I remember hearing on many occasions in high school that those were 'the best years of my life'. That confused me at the time, seeing as how I was busy being a hostess at a local restaurant, staying at school until 11:00pm for play rehearsals, and struggling through Algebra II. I was sure when I graduated that if those were 'the best years of my life', I'd been completely ripped off.
It was the same in college. 'These are the best years of our lives!' we shouted over beer bongs and other questionable activities. While that might have been an acceptable justification for my first two years, by my last two years of college I was both working and going to school full time. Best years of my life? Please.
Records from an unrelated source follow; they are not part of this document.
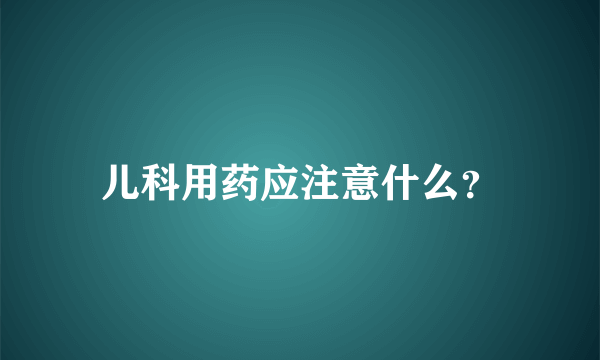 儿科用药应注意什么？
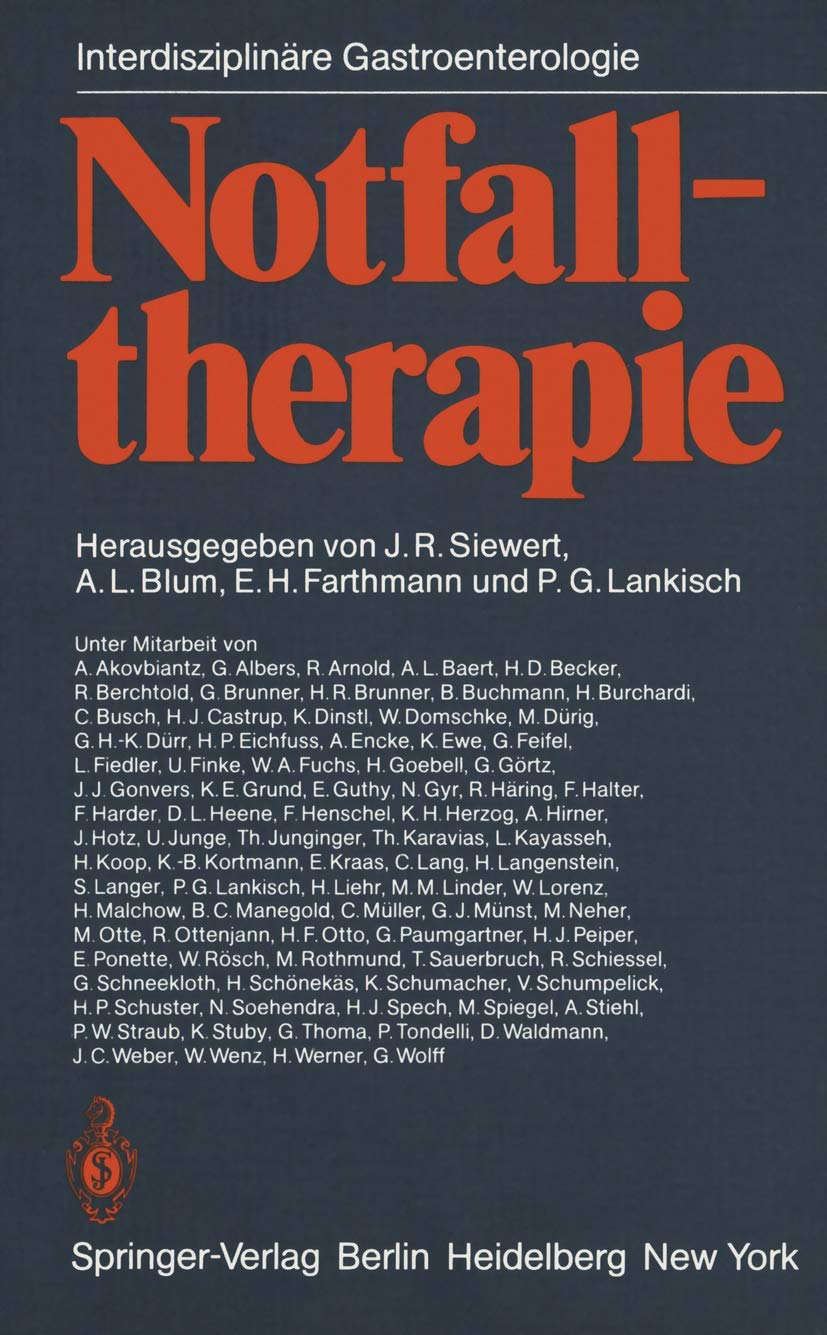 Buy Notfalltherapie: Konservative und operative Therapie gastrointestinaler Notfälle by J. R. Siewert, A. L. Blum, E. H. Fahrtmann | Springer-Verlag | German Hardcover | 2011 Edition — BookShops.in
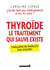 Thyroïde, le traitement qui sauve existe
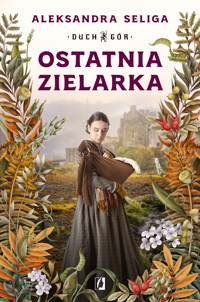 Ostatnia zielarka. Duch Gór. Tom 2 - Aleksandra Seliga - książka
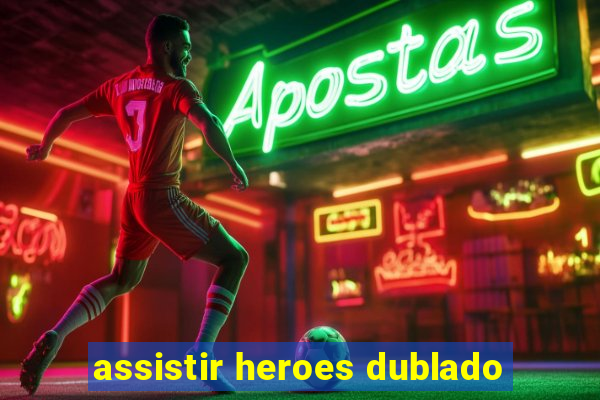 assistir heroes dublado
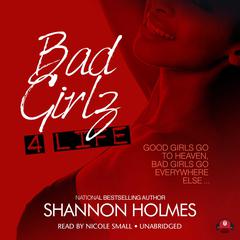Bad Girlz 4 Life Audiobook, by Shannon Holmes
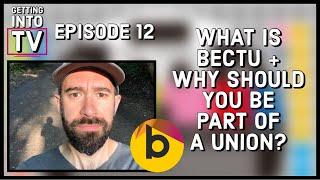 Starting out in TV and what is BECTU? | Getting into TV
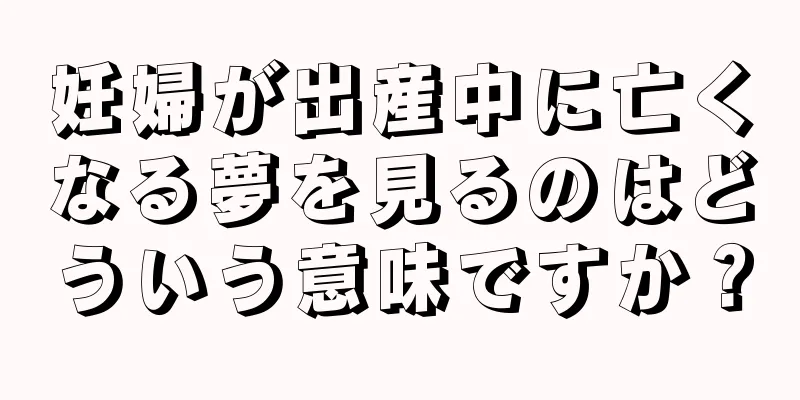 妊婦が出産中に亡くなる夢を見るのはどういう意味ですか？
My rose-colored glasses have adjusted quite nicely to fit my woman-in-her-thirties face. Today, when I had to go to the swanky university down the street to get my fingerprints done for teaching, I looked toward the ivory tower and thought, 'Ah, college. Those were the days.'
Within thirty seconds, however, my mood changed. I had forgotten how maze-like college campuses are. I am convinced that all universities are planned and designed by people who understand just how much macaroni and cheese is consumed on the premises, and feel personally responsible for keeping the students walking as much as possible.
And then there is parking. I've gone to three different universities, and each one required a painful deposit for a parking pass every semester. What they never tell you is that your parking pass grants you access to the parking lot, but not a parking spot. Especially when you need one. Today, pass-less, I was forced to park in front of a meter. So on top of the $55 I just spent to clear my credential, the $85 I just spent to apply to be credentialed in another state, and the $30 I spent to get my fingerprints done, I spent my last two dollars in quarters to park for thirty minutes.
During my long walk to and from my car today, my mind wandered to rollerblading in my dorm parking lot my freshman year. I thought about my crazy writing teacher who actually believed I was good at what I want to do. I wondered if my mean British Lit teacher ever got over her hatred of males. I remembered going grocery shopping with my equally poor roommates and seeing how much money we could save with our Safeway Club Card. College was a lot of up and a lot of down. Like everything in life.
I suppose a woman in her thirties has to take time to reflect realistically on her past. High school was great-- parts of it. College was great too-- at times. My twenties were really fun-- for the most part. You get what I'm saying. The syllabus for Perspective 101 is custom-made, and apparently we are our own teachers. And our own students.